The University Is an Organization: Teaching Organizational Behavior by Relying on Students’ University Experience
Published in Management Teaching Review (2018)
One of the primary challenges in teaching Organizational Behavior concepts is that undergraduate business students often have little or no work experience. We propose a method that utilizes students’ experience in the university as the basis for understanding these concepts. This understanding is achieved by highlighting the fact that the university is an organization and that students are members of this organization. Students are encouraged to think about how the material applies to them in the university. This approach, we believe, has increased students’ interest in the material and helped them reflect on the concepts, thus providing opportunities to grow and develop both as students and as individuals. We used surveys that were distributed in the university and answered by the students. Students participated in experiments, and in many instance, they were surprised by the results.
Category Dynamics and Cluster Spanning During the Emergence of the Lebanese Newspaper Industry (1851- 1879)

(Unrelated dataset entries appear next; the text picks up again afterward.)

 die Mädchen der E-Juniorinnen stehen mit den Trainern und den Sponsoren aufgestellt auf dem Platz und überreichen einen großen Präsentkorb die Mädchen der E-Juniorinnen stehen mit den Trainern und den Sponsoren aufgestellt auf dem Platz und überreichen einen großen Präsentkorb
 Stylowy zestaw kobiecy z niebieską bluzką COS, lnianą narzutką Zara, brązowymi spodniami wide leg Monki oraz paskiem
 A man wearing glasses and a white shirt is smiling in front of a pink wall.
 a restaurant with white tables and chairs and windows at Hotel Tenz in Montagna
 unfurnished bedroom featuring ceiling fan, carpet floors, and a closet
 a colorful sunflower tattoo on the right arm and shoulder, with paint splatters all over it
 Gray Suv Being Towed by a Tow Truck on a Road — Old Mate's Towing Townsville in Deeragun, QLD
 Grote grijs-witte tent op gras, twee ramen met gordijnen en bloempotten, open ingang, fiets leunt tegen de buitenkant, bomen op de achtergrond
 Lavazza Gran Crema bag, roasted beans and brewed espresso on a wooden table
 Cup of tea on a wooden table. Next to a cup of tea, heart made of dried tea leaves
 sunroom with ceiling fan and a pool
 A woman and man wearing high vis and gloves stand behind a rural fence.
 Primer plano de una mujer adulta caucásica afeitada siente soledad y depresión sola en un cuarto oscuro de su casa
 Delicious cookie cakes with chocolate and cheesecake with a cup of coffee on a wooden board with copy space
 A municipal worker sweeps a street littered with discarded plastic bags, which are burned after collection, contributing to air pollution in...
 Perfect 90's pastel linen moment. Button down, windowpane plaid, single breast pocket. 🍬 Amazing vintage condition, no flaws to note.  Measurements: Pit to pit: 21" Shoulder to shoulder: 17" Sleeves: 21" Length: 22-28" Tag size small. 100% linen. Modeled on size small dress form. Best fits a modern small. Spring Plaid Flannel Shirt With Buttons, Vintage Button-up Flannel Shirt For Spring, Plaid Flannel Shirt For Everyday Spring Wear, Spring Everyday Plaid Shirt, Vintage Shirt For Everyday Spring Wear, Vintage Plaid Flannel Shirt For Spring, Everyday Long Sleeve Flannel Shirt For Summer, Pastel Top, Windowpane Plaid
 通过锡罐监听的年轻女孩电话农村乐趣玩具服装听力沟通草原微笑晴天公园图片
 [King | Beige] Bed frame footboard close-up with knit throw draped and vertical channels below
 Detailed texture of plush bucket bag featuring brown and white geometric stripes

Published in Heliyon (2018)
Recently, researchers have started to pay more attention to a usually ignored topic: audience perceptions. Legitimacy, for example, is no longer modeled as the number of organizations in a population. It is now thought to be dependent on how audience members perceive these organizations. This paper will study how the newspaper industry in Lebanon emerged. The paper studies the period 1851–1879, building on the theoretic formulation of Hannan et al. (2007). The concept of cluster formation will also be introduced in order to help answer the question of whether unified identity projection is a necessary condition for successful legitimation and emergence. So far, research has produced diverging results as to the necessary conditions for successful legitimation. Cluster Analysis is used to show that in the case of the Lebanese newspaper industry, successful emergence was attained without the need to project a unified identity. In fact, the analysis clearly shows that there were two separate groups of clusters that had emerged by the end of the period. The nature of these two clusters will be investigated by looking at the category spanning activities of the newspapers that were members of the clusters.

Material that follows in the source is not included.